----- Given records

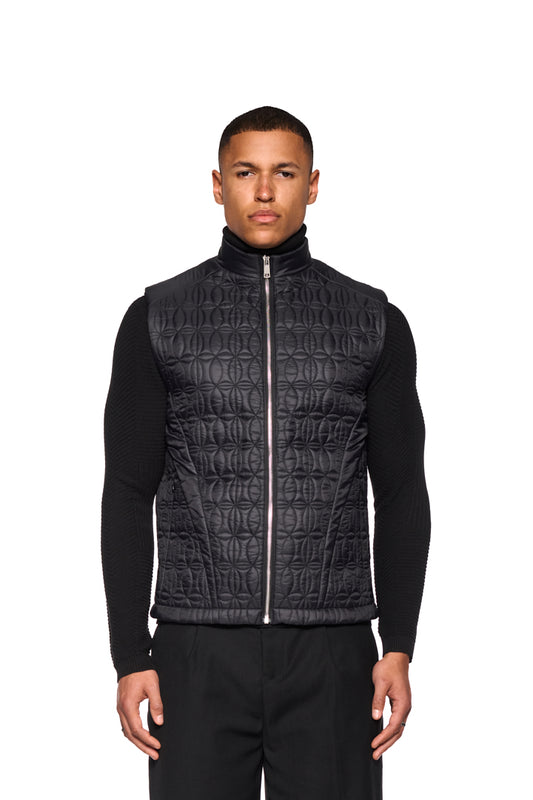 Mann trägt Gilet Vest Black mit Stehkragen und OLAKALA-Logodruck. Sichtbare Reißverschlüsse und Eingriffstaschen betonen das Design.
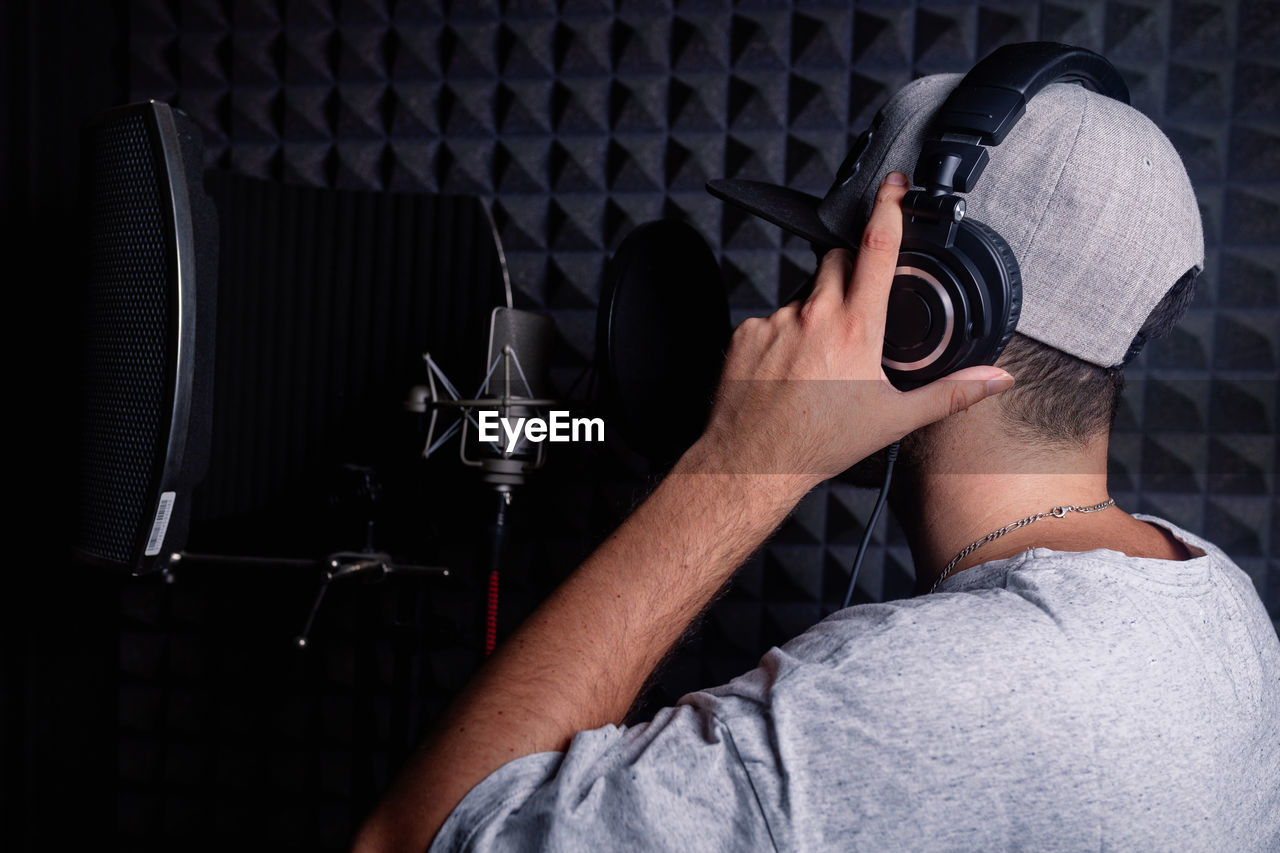 Side view of anonymous male singer in headphones standing in acoustic room with soundproof walls and microphone and recording song in studio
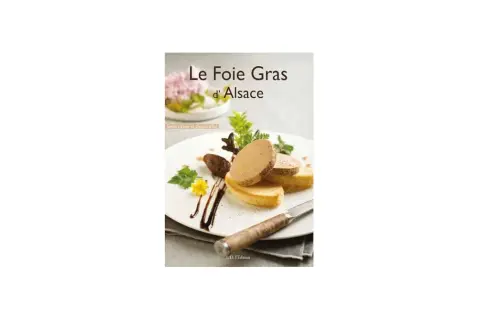 Tranches de foie gras sur toasts, garnies de verdure et d'une fleur jaune, sur une assiette blanche.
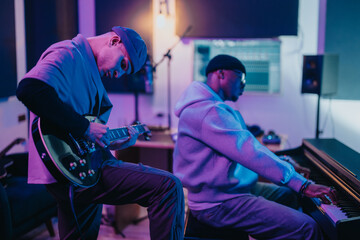 Two musicians collaborate in a music studio, playing guitar and piano, surrounded by a creative...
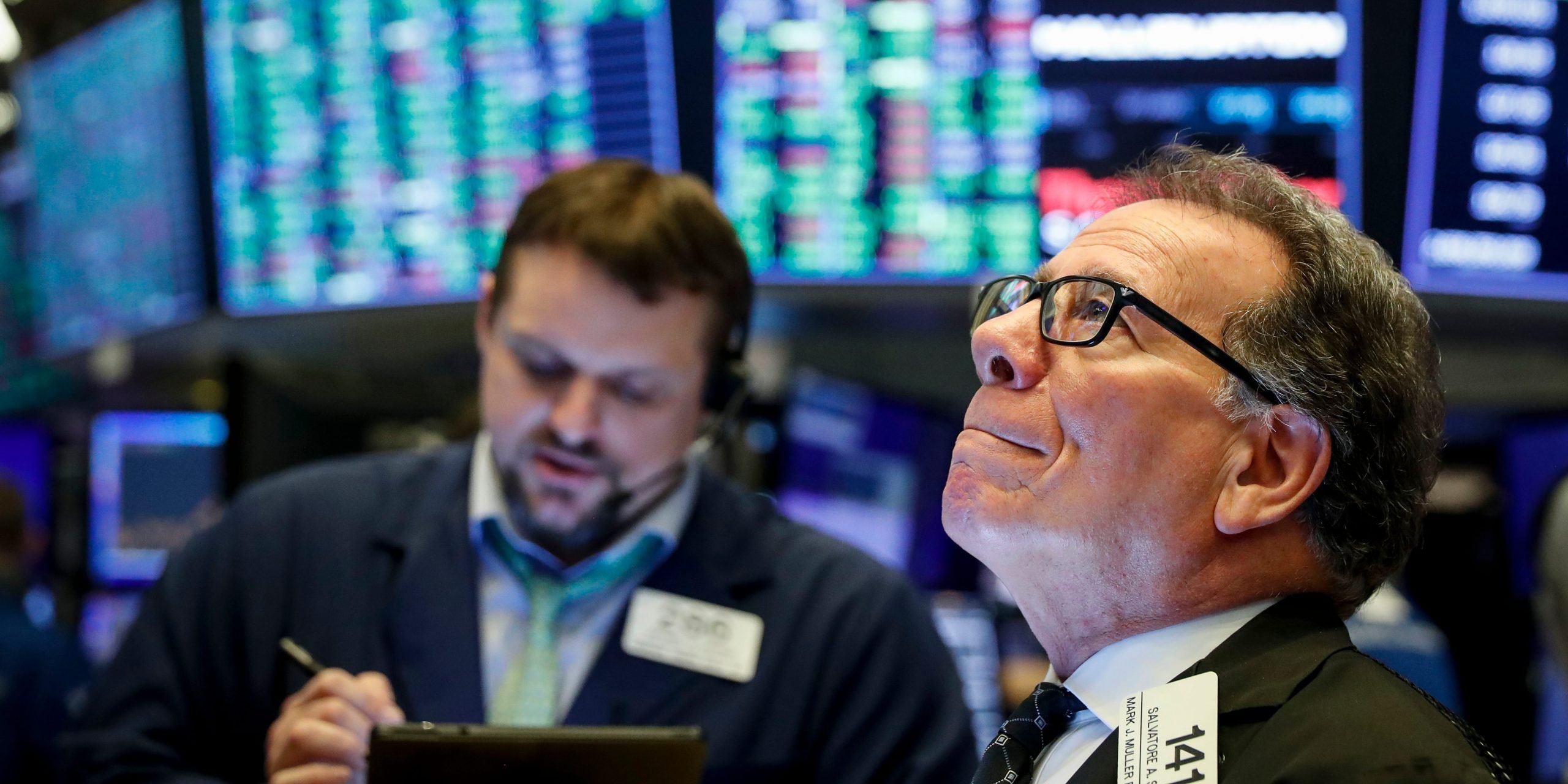 FILE PHOTO: Traders work on the floor of the New York Stock Exchange (NYSE) in New York, U.S., March 20, 2020. REUTERS/Lucas Jackson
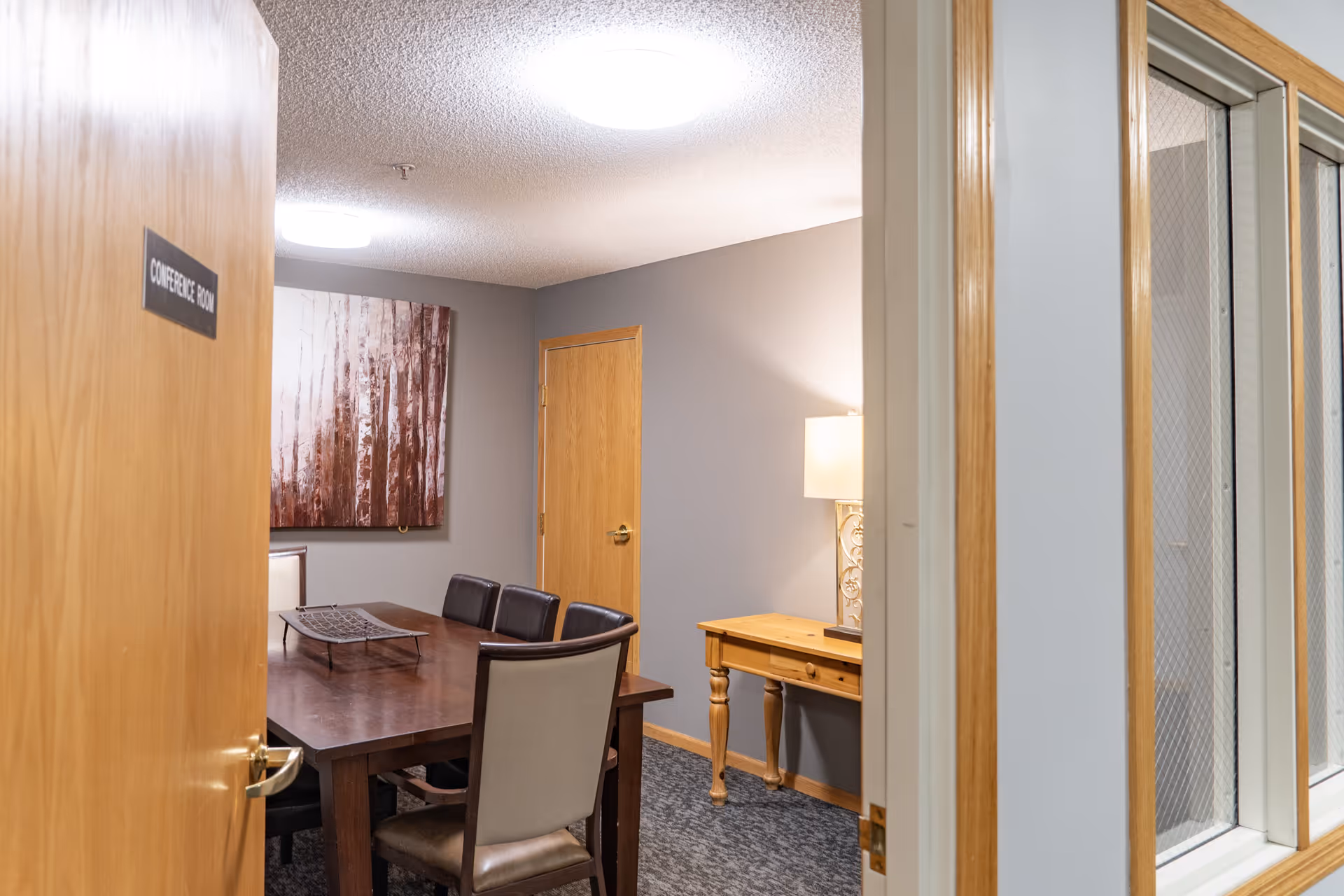 View into a conference room with a wooden table surrounded by chairs. A decorative metal tray is on the table. The room has gray walls, a wooden door, a wooden side table with a lamp, and a large artwork featuring abstract tree trunks on the wall.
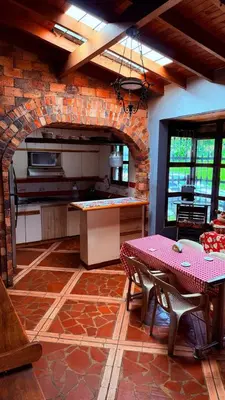 a kitchen with a table and a brick wall at Finca 5 Continentes - Cerca MatroCable ARVI in Guarne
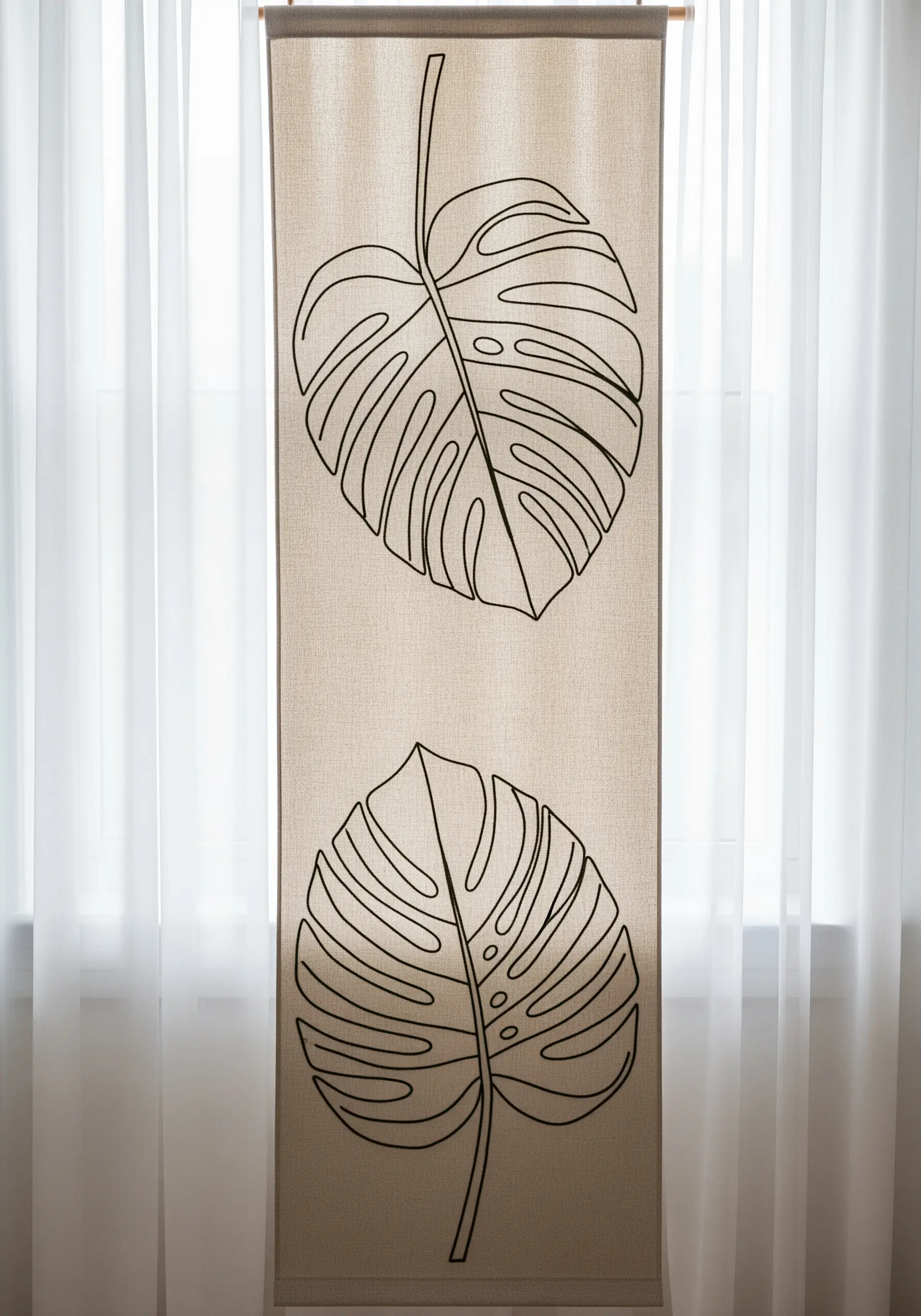 A long, narrow linen wall hanging with two large monstera leaf outlines embroidered in black.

----------

*Work request*
Each line from the start of the entries to the line holding "View into a" is to be given again exactly, both ends included, and each picture is to be left out.

*Response*
 Mann trägt Gilet Vest Black mit Stehkragen und OLAKALA-Logodruck. Sichtbare Reißverschlüsse und Eingriffstaschen betonen das Design.
 Side view of anonymous male singer in headphones standing in acoustic room with soundproof walls and microphone and recording song in studio
 Tranches de foie gras sur toasts, garnies de verdure et d'une fleur jaune, sur une assiette blanche.
 Two musicians collaborate in a music studio, playing guitar and piano, surrounded by a creative...
 FILE PHOTO: Traders work on the floor of the New York Stock Exchange (NYSE) in New York, U.S., March 20, 2020. REUTERS/Lucas Jackson
 View into a conference room with a wooden table surrounded by chairs. A decorative metal tray is on the table. The room has gray walls, a wooden door, a wooden side table with a lamp, and a large artwork featuring abstract tree trunks on the wall.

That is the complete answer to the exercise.